Inverse function as a method to generate rvs

In this post I attempt to explore some basic intuition about the inverse function as a method to generate random variables.

PDF and CDF

Suppose there is a probability density function f. One can easily calculate the cumulative density function F as:

F(x) = \int_{-\infty}^x f(t) dt = g_x

Where g_x \in [0, 1].

PDF – example

Let’s generate a probability density function f based on a polynomial equation k.  Suppose we want this pdf to describe the probability of some variable x \in r, where r is the region {[-4, -1] \cup [+1, +4]}. We define k arbitrarily as:

k = -(x^2 - 1)(x^2 - 16)

k

It is necessary to adjust this polynomial function to a factor of h defined by:

h = \int_{-4}^{-1} k dx + \int_{1}^{4} k dx = \frac{1044}{5}

Therefore, the probability density function f is a piecewise function defined as:

f = \begin{cases} 0 &\quad\text{if } x \in r^c \\ \frac{k}{h} &\quad\text{if } x \in r \ \end{cases}

pdf

By doing so, we can be confident that:

\int_{-\infty}^{\infty} f(t) dt = 1

CDF – example

Naturally, the cdf function is just an integral. But due to the fact that the pdf we are using is a pisewise function, we must divide the integrals across the region. So the cdf function F would have the following form:

F = \begin{cases} I_1 &\quad\text{if } x \leq -4 \\ I_2 &\quad\text{if } -4 < x \leq -1 \\ I_3 &\quad\text{if } -1 < x \leq 1 \\ I_4 &\quad\text{if } 1 < x \leq 4 \\ I_5 &\quad\text{if } 5 < x \ \end{cases}

We can figure the value of I_i intuitively.

I_1 = 0

I_2 = \int_{-4}^x \frac{k}{h} dx = \frac{1}{3132} (1408 - 240 x +85 x^3 - 3 x^5) 

I_3 = \int_{-4}^{-1} \frac{k}{h} dx = \frac{1}{2}

I_4 = \int_{-4}^{-1} \frac{k}{h} dx + \int_{1}^x \frac{k}{h} dx =  \frac{1}{3132} (1724- 240 x +85 x^3 - 3 x^5) 

I_5 = \int_{-4}^{-1} \frac{k}{h} dx + \int_{1}^4 \frac{k}{h} dx =  1

As a result we have:

cdf

Inverse function

The inverse function of F is expressed as F^{-1} such that:

F^{-1} (g_x) = x

In more general terms, if y = f(x), the inverse function  y^{-1} = f(y)  must satisfy y^{-1}(f(x))=x.

Example I

To begin with a simple example assume we have a pdf f_2 that describes the density function of an x variable:

f_2 = \begin{cases} \frac{6-3x}{6} &\quad\text{if } 0 < x \leq 2 \\ 0 &\quad\text{if } x \leq 0 \cup 2 < x \ \end{cases}

The cdf is then:

F_2  = \begin{cases} a &\quad\text{if } x \leq 0 \\ b &\quad\text{if } 0 < x \leq 2 \\ c &\quad\text{if } 2 < x \ \end{cases}

where:

a = 0

b = a +\frac{1}{6} \int_0^{x} (6-3x) dx = \frac{1}{6}(6x - \frac{3}{2} x^2)
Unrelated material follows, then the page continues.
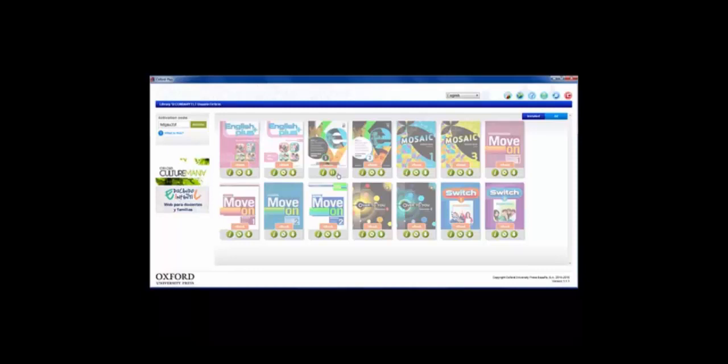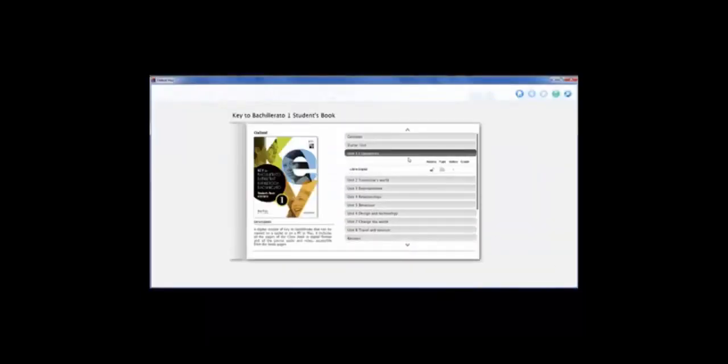Click on the book cover to open it. You can now start enjoying your Oxford Digital product.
c = a +\frac{1}{6} \int_0^{2} (6-3x) dx = 1

ex1

The inverse function f^{-1} can only be deduced on increasing f functions. For this reason, only the b component of the piecewise cdf is going to be calculated. We can easily find the solution with x = \frac{-B \pm \sqrt{B^2 - 4 A C}}{2 A}. The general approach is to define y = f(x) and solve for x.

b^{-1} = \begin{cases} 2(1-\sqrt{1-x})  \\ 2(1+\sqrt{1-x}) \ \end{cases}

Since we expect that b^{-1} (1) = 2 and b^{-1} (0) = 0 we can rule out the second solution.

 

F_2^{-1} = 2(1-\sqrt{1-x}) 

ex1_inv

Example II

If we try to follow the same steps shown in Example I to calculate the inverse function of f, we would probably fail. High order polynomial function are difficult (if not impossible) to solve with analytical methods. Therefore, a numerical method is suggested for this problem.

At a first glance, switching from an analytical approach to a numeric method does not seem appealing. Nonetheless, in many cases we are better off working on a problem with a non-parametrical estimated density function (obtained from the empirical data) that with an analytical function determined by assumptions.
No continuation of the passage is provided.